Peter Marsh 2002-11-20
There's been a lot of live John Martyn hitting the racks of late, some of it of doubtful origins and a lot of it pretty undistinguished; certainly none of it lives up to the classic Live at Leeds, arguably his most exploratory, spacey record. Until now...
Though the recording quality is a little suspect (the sleeve boasts that this is a 'restored live recording') Martyn's combination of fluid guitar and gruff, honeyed vocals shine brightly on this 2CD set, spinning songs soaked with toughness and vulnerability. Though committed Martynophiles will know that his gigs can be hit or miss affairs, they need have no worries here; John is on good form, having a go at Margaret Thatcher, begging for spliffs and treating his bewildered audience to a dissertation on the beauty of Italian insults.

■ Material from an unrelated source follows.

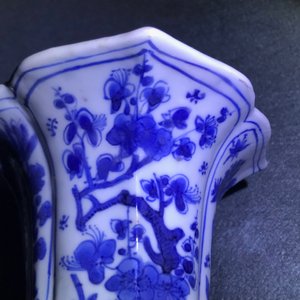 Une garniture de cinq vases en porcelaine de Chine bleu et blanc, Kangxi — photo 29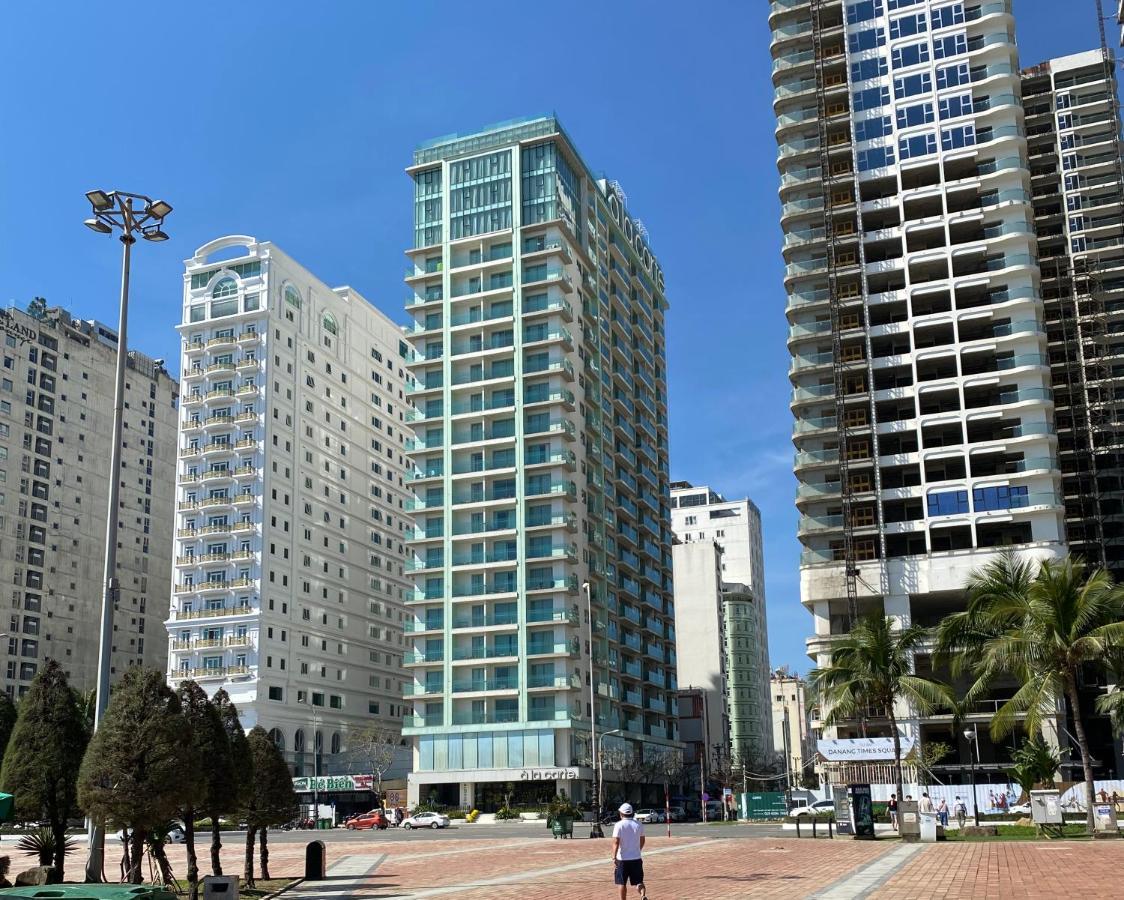 Stunning Apartments Across My Khe Beach ! Rooftop Pool & Gym Дананг Экстерьер фото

The real treats are "Outside In", "One World" and "Big Muff", where John snakes his acoustic guitar through delays, wah wah and fuzzboxes to produce lush,billowing soundscapes. Martyn must be one of the most underrated and individual guitar stylists this country has produced; "Outside In" is a stoned, immaculate 15 or so minutes of improvised cosmic folk wizardry. If there was more individual, passionate music being made by an Englishman (or Scotsman) in the 70's I've yet to hear it.
The poignant "Beverley" and the furious "Seven Black Roses" showcase Martyn's acoustic virtuosity (despite his ironic protestations that 'this isn't a serious guitar solo'). Elsewhere, songs like "Bless the Weather" and "Couldn't Love You More" appear like old friends though Martyn improvises around their frameworks, never regarding his songs as written in stone but changing lyrics and delivery on the fly. Possibly this is sometimes a result of short term memory loss caused by recreational substance abuse, but the effects are rarely less than glorious.
A couple of audience recordings round the album off, including a medley of "Stay", "Anna" and "Small Hours', which again despite the lo-fi rendering, is a meltingly lovely performance with a heart tugging guitar solo; maybe one of the finest Martyn moments that's been preserved on CD.
Not long after the performances here, John went all electric, surrounding himself with fretless basses, shiny synths, expensive studio sand Phil Collins. But Live in 1979 is a nice summing up of those years when he was cheerfully demolishing the boundaries between jazz, blues,folk and rock (as well as a few hotel rooms no doubt) while producing some of the most honest, moving music you're likely to hear. Bless 'im.